TASK ITEM: No pictures, nothing altered: return the data below.

Dataset items:
= = = = = = =

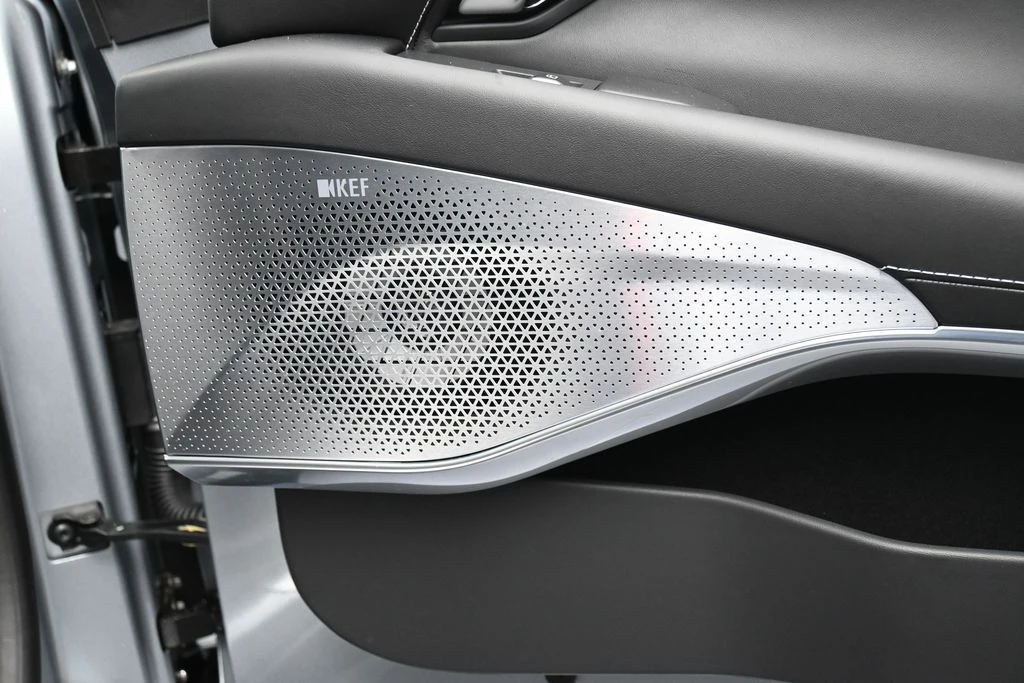 2026 Lotus Emira - Image 25 of 31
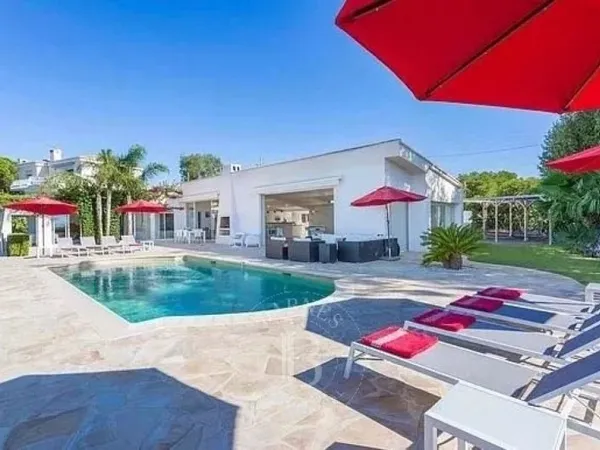 CANNES CROIX DES GARDES - VILLA CONTEMPORAINE - 6 CHAMBRES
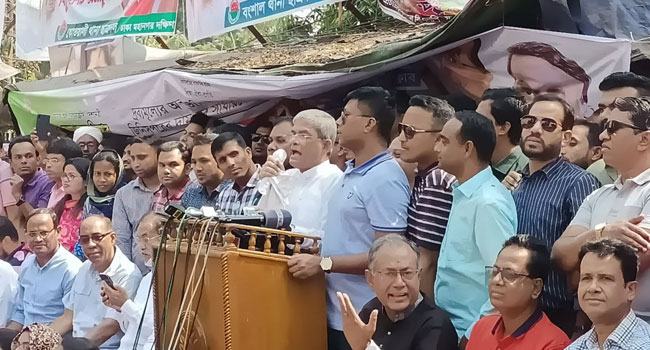 নিরপেক্ষ সরকারের হাতে ক্ষমতা হস্তান্তরের আহ্বান ফখরুলের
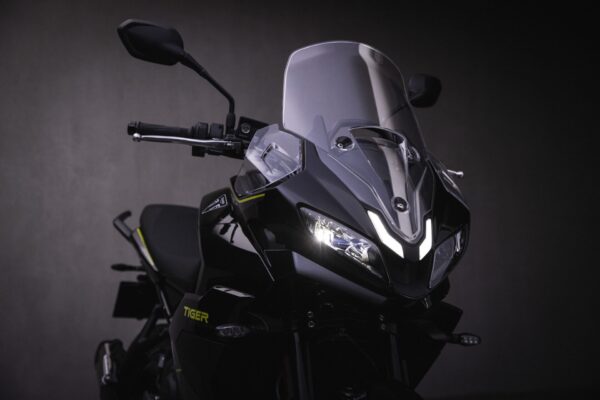 Triumph Tiger Sport 800 2025 Sapphire Black headlight
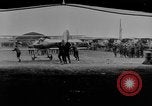 Image Eddie Rickenbacker Paris France, 1917, de la seconde 11 séquences d'archives historiques vidéo 65675070593
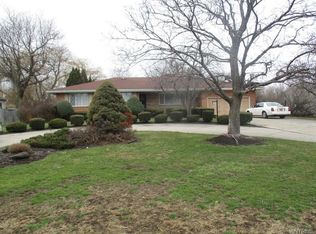 592 Hopkins Rd, Buffalo, NY 14221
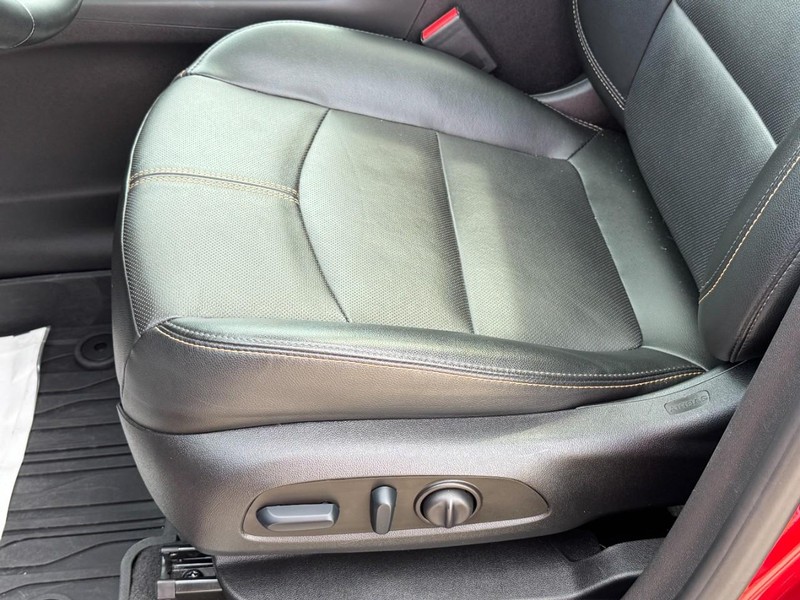 Chevrolet Equinox Vehicle Image 24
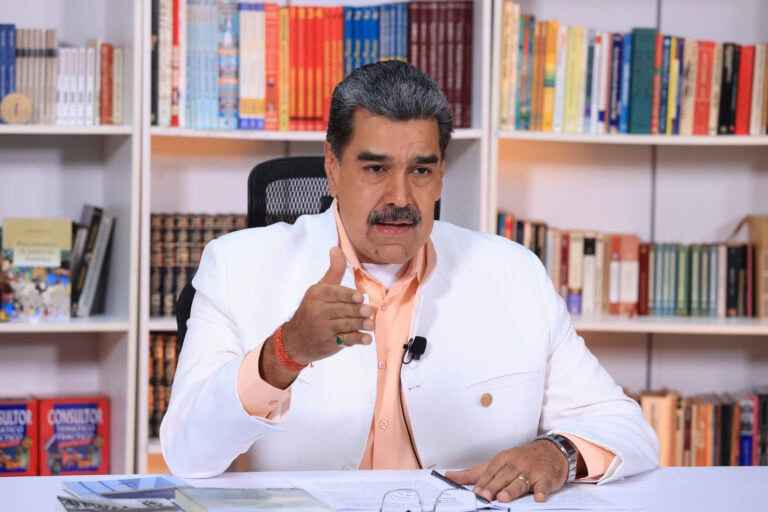 Decreto de Maduro otorga poderes especiales en caso de agresión extranjera
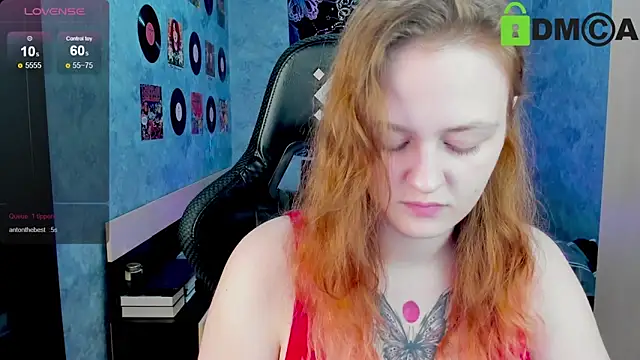 Snapshot of madness_lia chatting on December 17, 6:35 am madness lia online show from December 17, 6:35 am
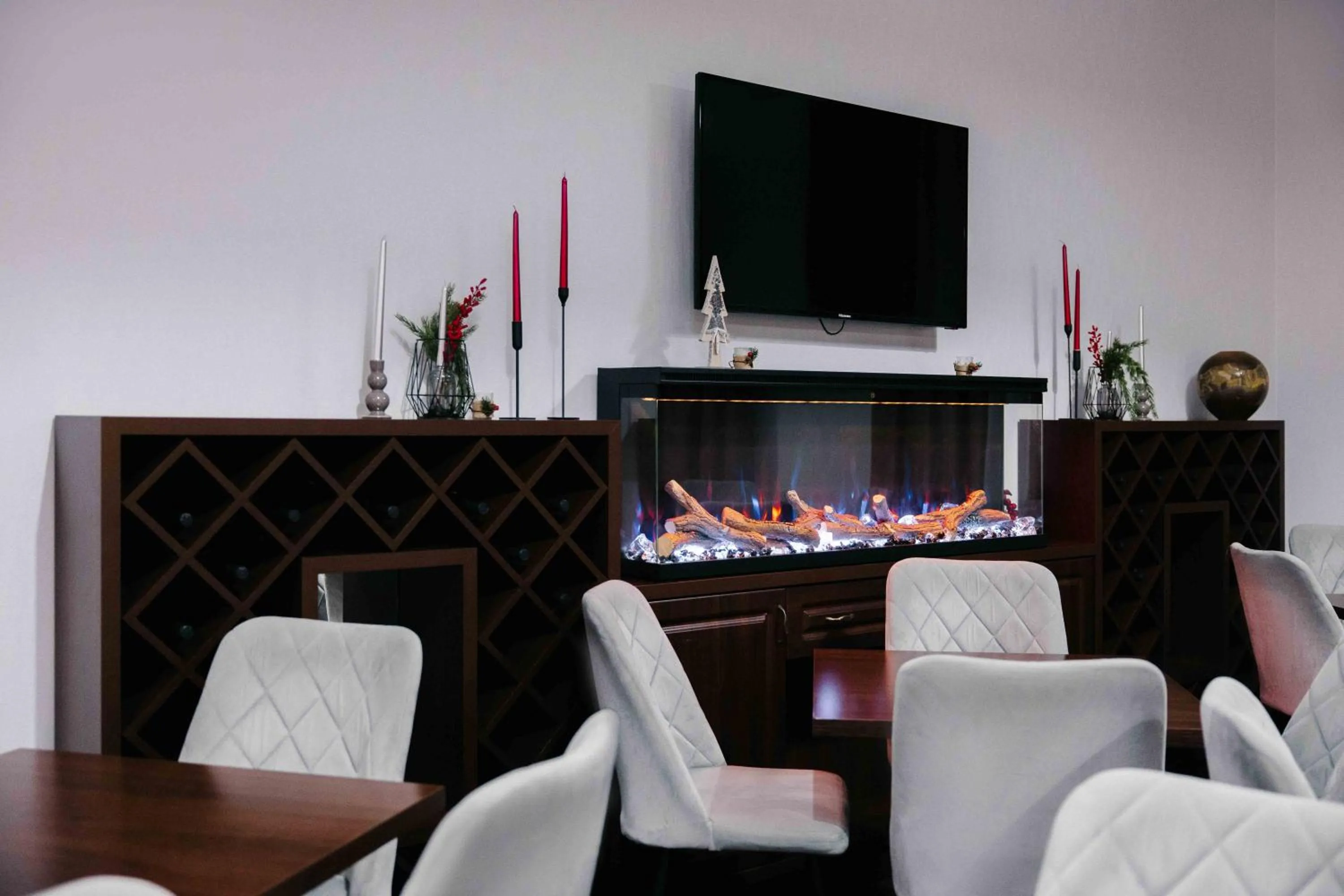 Restaurant/places to eat in Flowers Hotel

= = = = = = =

SOLUTION TO THIS EXERCISE:
 2026 Lotus Emira - Image 25 of 31
 CANNES CROIX DES GARDES - VILLA CONTEMPORAINE - 6 CHAMBRES
 নিরপেক্ষ সরকারের হাতে ক্ষমতা হস্তান্তরের আহ্বান ফখরুলের
 Triumph Tiger Sport 800 2025 Sapphire Black headlight
 Image Eddie Rickenbacker Paris France, 1917, de la seconde 11 séquences d'archives historiques vidéo 65675070593
 592 Hopkins Rd, Buffalo, NY 14221
 Chevrolet Equinox Vehicle Image 24
 Decreto de Maduro otorga poderes especiales en caso de agresión extranjera
 Snapshot of madness_lia chatting on December 17, 6:35 am madness lia online show from December 17, 6:35 am
 Restaurant/places to eat in Flowers Hotel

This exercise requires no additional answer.